Here’s the thing: Genetics DO play a factor in your shape among other things, but they’re not the end all be all of getting into good shape. They’re really just a roadmap for how to get where you want to go. Here’s what you need to know…
About fat – It turns out that there are certain genes that increase fat storage. They have confusing names, so I won’t bore you with the specifics, but recent research shows that there is a correlation. However, a maximum of five percent of our genes are responsible for this relationship. Which isn’t nearly close to the huge surge in obesity we’ve seen in the past 20 years. Also, having those genes doesn’t make you fat. Having them is only 50% of the equation when we’re talking about these specific genes. Your behavior (AKA what you eat) has to also be unhealthy in order for your genes to get you stuck with too much weight.
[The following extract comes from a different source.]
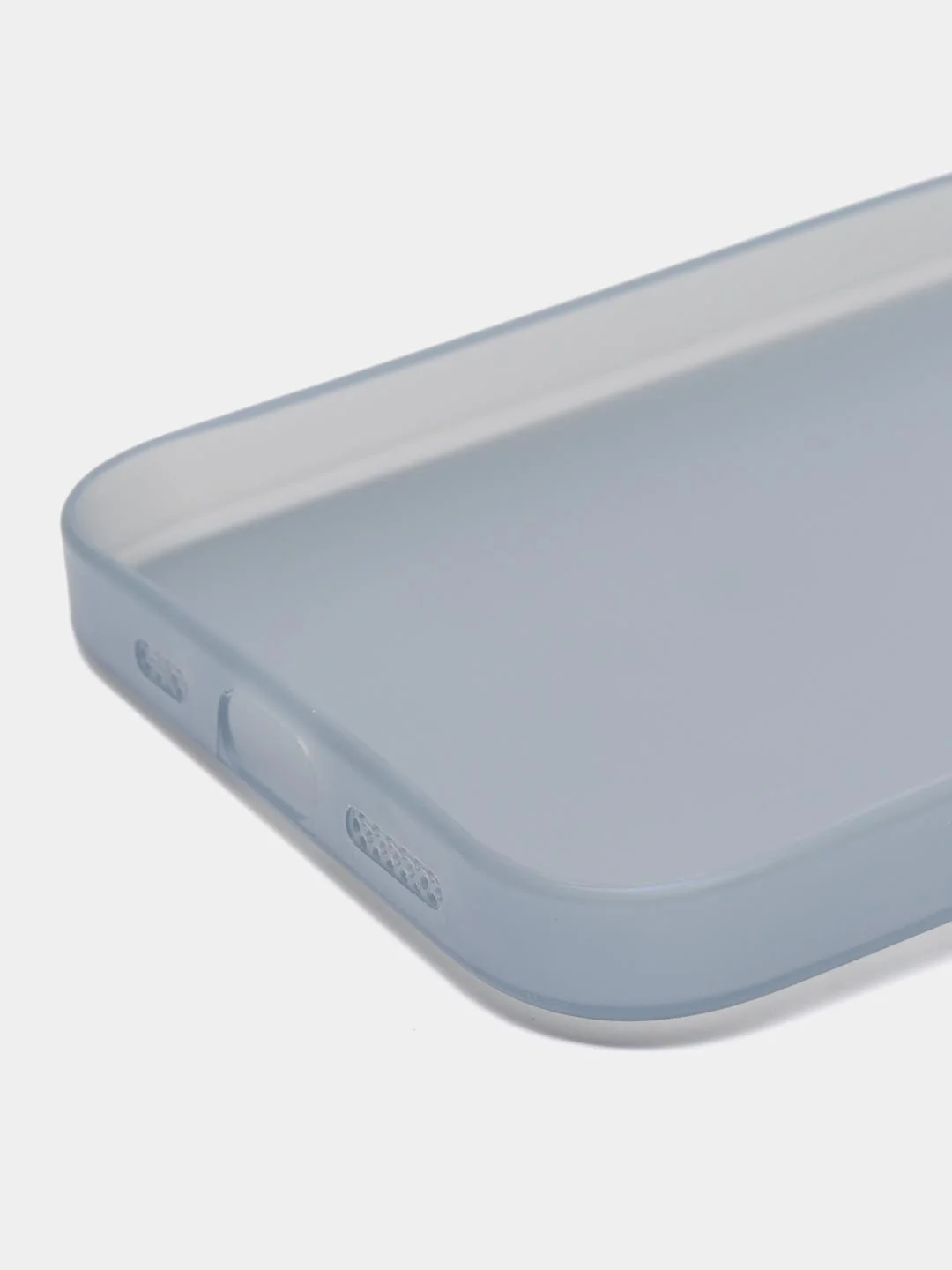 Голубой ультратонкий чехол для iPhone 15 Pro, хрупкий тонкий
Again, the genes alone won’t make you fat.
The second part: your genes DO affect where you store fat. I’m sure you’re familiar with the different body types more commonly referred to as apple vs. pear. The technical names for these are ectomorph (lean and long with difficulty building muscle), endomorph (big with higher body fat and a tendency to store fat) and mesomorph (muscular with a high metabolism and responsive muscle cells). These are determined by your genetics.
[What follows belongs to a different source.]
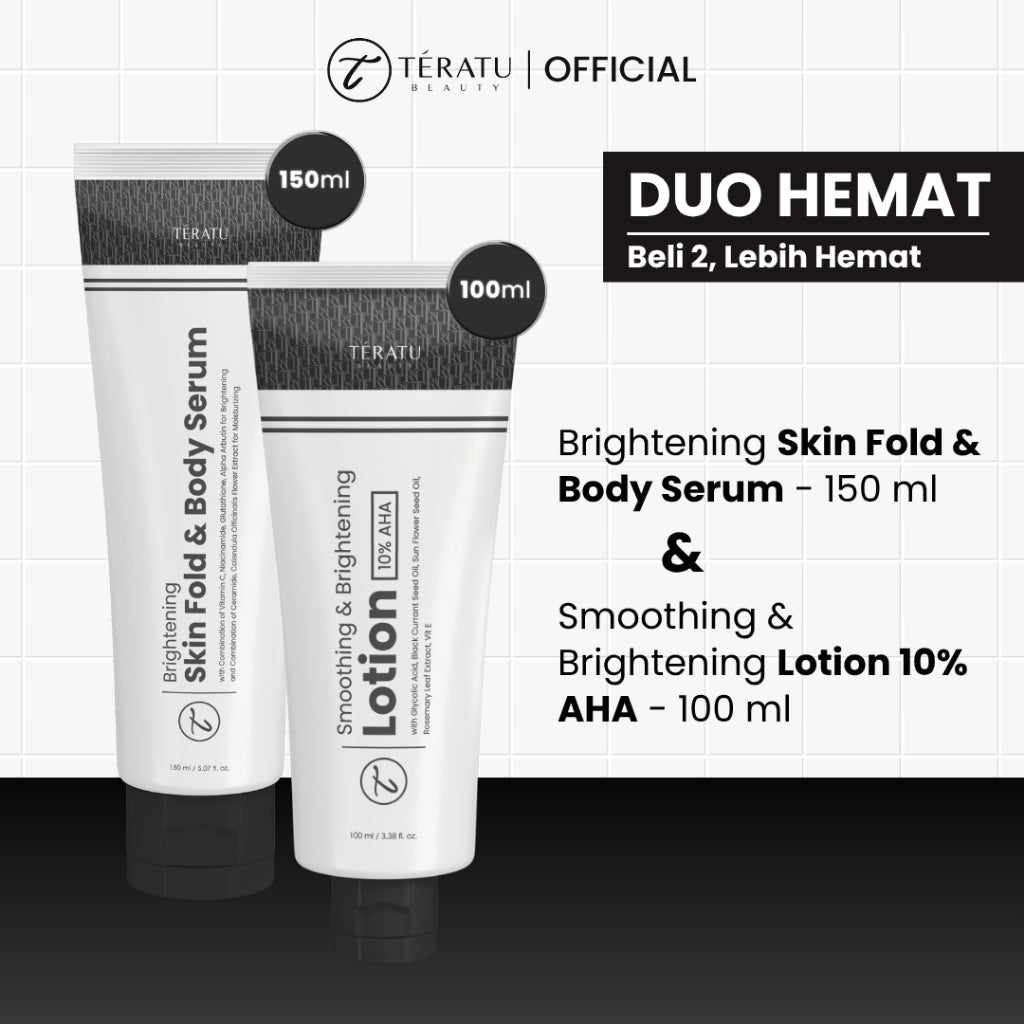 [HOT PRODUCT] TERATU BEAUTY Smoothing & Brightening Lotion AHA 10% Glycolic Acid (Mencerahkan & Menghaluskan Kulit)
Here’s the good news: exercise can actually change how fat is stored. Research has shown that six months of regular exercise can deactivate certain fat cells.
About muscle: Your genetics determine two things that affect your ability to grow muscle. The first is your muscle fiber ratio. Your genes determine how many fast-twitch fibers your muscles have, and these (as opposed to slow twitch) have a greater capacity for growth.
This isn’t uniform throughout your body, either. Most people have more fast-twitch fibers in certain parts of their bodies and fewer in others. For example, I personally have more in my triceps and traps. Because it’s so easy for me to build muscle there, I have to limit the exercises I do with those muscles so they don’t grow out of proportion. On the flip side, I have a hard time growing my butt, so I have to double up on leg exercises each week to maintain the muscle mass in my lower body.
Genes also determine your levels of anabolic hormones. These hormones regulate muscle growth. Resistance training increases these hormone levels, but women have 10-to-20 times less of it than men (which contributes to why women can’t get bulky by accident).
Knowing all of this information just helps you figure out what your genetic strengths and weaknesses are. Everyone is different. By knowing how, you’re able to map out a plan for how to accomplish your goals. The other info here also points to the overwhelming advantages of resistance training and healthy eating no matter your body type. So, quit hiding behind Great Aunt Stacy (literally), and maybe even bring her to your next gym sesh.